At the foot of the hill there is a new outdoor museum, where the remains of the Oppidum of Vigo have been excavated and three buildings of the original style have been constructed which portray the site as it would have been in Roman times. To the south a network of channels have been found indicating some type of manufacturing was taking place there. Entry was free and there was a board-walk to prevent damage of the ground. Unfortunately it is only open on Wednesday, Thursday and Friday.

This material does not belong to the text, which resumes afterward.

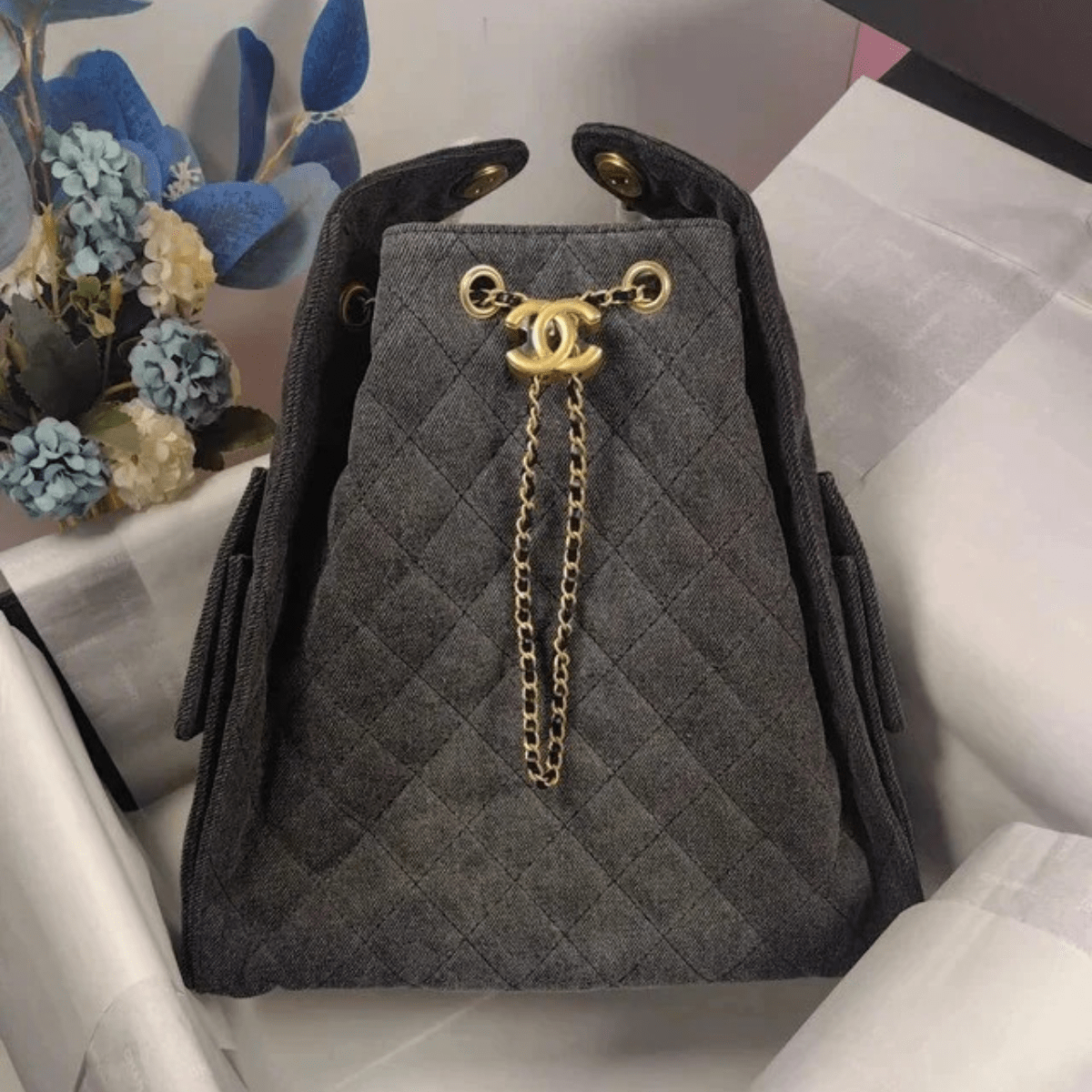 Chanel 25 Medium Bag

Continuing downhill in search of the Indoor Fish Market we reached the Ribera de Berbes with the monument to the fishermen, and the Cruceiro cross. It was an open space and we expected to see the Fish Market here, but there was no building and no Mercado sign. Trusting to memory we walked along the Canovas del Castillo and came upon the entrance. On Monday it is very quiet, and there was only the flower seller, one fish seller one meat seller and the delicatessen open. We intended to only look, but could not resist the two local cheeses. We are not sure exactly what they are, but they are local, unusual, and 10 euros per kilo.

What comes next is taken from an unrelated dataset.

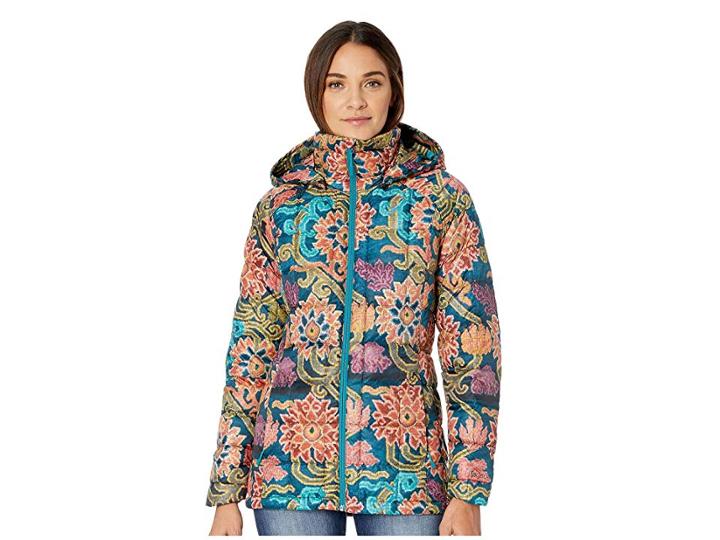 Burton Ak Baker Down Jacket (luca Print) Women's Coat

We also bought four boxes of the local shortbread of Santiago, and this meant we had too much heavy shopping. We were tempted by the fresh fish local oysters; the restaurants which were full of staff we recognised, but we decided to take everything back to the ship to keep the cheese cold in our fridge. As we passed the Shopping Centre we were serenaded by a group of local musicians with bagpipes.

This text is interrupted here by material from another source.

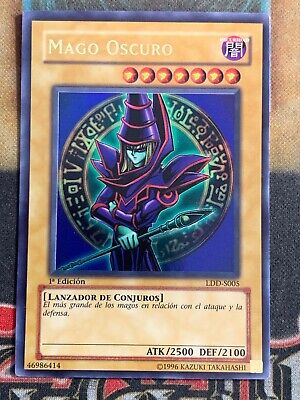 YuGiOh - Dark Blade (1st Ed.) #SD5-EN003 - Common - Moderately Played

After a quick lunch in the Lido we were out again, exploring along the waterfront beyond the cruise terminal for boats to the islands, and then to the gardens Jardines de Elduayen. Jose Elduayen e Gorriti (1823-1898) was an engineer and politician. He was Minister of State, Government, Foreign Affairs and Treasury and the monument has four female figures which symbolise these four Ministerial positions. The monument was cast in Barcelona and the anchors and chains in Vigo. One building on the edge of the park caught our eye - it had a colourful and unusual domed roof.
We walked across towards cafes and more trees and were suddenly in a much bigger and more interesting park with fountains and formal gardens. Our map marked it as Praza de Compostela. Our next highlight was El Sireno, the statue on top of two tall granite blocks. The road, Policarpo Sanz Street, was broad with many solid significant and beautiful buildings - including the Theatre, the Arts and Crafts house, and lots of local, national and international banks.
The final day was full of opportunities many of which overlapped for us. The day started in the Gym as usual after which it was time to start packing. There was a demonstration of ice carving at 1100 - always great fun to watch the exhibits emerge from a huge block of ice. We had cocktails with the senior officers at 1130 and then it was on at 1300 to meet up with friends from the Queens grill in the Todd English Restaurant that they had not had time to try before. It was a good meal and I have included a couple of pictures of sweets which are one of the highlights. We spent a long time talking and left just as the singing started in the Grand Lobby - about a hundred of the passengers had spend 8 hours practicing as a choir and put on an impecible performance. This sort of performance used to only take place with carols near to Christmas and this was the first time we had seen it during a normal cruise. Unfortunately it overlapped with the exhibition of watercolour painting which Pauline wanted to go to as a friend had several on display.